Task directions: Look for the word "Size" in the entries below, then copy every line that has it.

Crawled caption data:
= = = = = = =
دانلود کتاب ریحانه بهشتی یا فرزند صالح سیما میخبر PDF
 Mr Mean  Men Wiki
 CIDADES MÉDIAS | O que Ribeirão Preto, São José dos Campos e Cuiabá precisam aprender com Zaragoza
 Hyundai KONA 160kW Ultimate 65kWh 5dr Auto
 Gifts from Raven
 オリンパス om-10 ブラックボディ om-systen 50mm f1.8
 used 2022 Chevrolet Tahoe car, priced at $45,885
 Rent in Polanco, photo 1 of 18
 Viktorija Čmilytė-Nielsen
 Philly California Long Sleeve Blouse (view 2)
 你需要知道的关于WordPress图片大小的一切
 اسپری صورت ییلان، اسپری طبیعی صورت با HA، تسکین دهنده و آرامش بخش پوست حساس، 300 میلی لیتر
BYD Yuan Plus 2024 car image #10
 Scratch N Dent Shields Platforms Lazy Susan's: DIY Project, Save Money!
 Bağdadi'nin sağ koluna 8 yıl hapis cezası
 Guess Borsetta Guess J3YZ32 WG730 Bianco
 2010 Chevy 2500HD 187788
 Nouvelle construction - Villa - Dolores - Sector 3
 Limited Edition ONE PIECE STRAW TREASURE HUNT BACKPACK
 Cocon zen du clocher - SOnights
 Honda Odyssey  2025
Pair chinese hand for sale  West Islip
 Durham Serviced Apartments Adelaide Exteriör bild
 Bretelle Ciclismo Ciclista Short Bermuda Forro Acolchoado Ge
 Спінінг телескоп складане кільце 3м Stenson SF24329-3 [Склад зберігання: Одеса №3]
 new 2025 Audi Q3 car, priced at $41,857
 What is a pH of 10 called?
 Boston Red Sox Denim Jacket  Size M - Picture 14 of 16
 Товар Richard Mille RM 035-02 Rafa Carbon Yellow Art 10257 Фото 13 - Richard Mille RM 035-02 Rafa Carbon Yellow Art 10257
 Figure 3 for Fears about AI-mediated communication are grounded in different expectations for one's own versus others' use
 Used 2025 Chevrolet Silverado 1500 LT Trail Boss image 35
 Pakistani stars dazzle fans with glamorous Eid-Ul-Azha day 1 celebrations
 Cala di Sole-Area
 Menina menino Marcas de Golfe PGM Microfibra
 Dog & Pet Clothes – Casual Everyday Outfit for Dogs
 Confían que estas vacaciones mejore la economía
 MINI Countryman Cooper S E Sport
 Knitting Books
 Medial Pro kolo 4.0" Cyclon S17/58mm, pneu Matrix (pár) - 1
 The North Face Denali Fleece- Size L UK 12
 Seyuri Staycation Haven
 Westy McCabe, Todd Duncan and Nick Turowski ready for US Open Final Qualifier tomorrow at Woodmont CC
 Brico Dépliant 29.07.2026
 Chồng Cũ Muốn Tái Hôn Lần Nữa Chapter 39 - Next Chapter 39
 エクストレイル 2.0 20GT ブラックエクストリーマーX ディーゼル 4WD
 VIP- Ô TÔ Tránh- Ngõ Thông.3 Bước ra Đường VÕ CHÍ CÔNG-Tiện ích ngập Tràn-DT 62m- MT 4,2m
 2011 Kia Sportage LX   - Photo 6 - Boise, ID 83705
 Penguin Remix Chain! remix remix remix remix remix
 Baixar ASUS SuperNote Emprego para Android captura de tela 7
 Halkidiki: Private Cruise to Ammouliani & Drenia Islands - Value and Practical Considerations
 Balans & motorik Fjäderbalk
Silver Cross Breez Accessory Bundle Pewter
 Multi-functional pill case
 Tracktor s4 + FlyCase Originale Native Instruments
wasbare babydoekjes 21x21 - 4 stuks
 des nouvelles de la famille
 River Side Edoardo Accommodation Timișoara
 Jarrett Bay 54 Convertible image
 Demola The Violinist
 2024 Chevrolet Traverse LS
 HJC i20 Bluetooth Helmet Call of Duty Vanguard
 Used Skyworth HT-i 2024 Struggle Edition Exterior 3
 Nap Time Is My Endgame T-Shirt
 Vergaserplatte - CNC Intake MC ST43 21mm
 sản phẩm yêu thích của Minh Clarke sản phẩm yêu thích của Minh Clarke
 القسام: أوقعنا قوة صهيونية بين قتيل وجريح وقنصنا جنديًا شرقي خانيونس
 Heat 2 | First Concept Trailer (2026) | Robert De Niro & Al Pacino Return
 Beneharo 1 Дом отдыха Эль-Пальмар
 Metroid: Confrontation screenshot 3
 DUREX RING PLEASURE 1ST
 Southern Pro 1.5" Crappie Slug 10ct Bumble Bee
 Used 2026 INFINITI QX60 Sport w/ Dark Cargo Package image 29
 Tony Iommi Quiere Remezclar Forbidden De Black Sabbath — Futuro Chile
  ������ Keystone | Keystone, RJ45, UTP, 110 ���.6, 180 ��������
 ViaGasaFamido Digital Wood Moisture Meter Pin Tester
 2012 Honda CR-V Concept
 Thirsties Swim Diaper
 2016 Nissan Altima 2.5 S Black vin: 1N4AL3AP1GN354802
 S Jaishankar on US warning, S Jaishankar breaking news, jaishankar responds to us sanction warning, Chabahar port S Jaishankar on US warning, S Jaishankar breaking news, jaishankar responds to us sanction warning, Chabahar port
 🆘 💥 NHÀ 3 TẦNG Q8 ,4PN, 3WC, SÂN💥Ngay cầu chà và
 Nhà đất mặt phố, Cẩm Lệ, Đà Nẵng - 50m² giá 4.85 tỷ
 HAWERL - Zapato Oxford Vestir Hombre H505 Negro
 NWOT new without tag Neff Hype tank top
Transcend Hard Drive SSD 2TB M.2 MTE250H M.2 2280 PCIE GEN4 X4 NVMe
= = = = = = =
Response for this exercise:
 Boston Red Sox Denim Jacket  Size M - Picture 14 of 16
 The North Face Denali Fleece- Size L UK 12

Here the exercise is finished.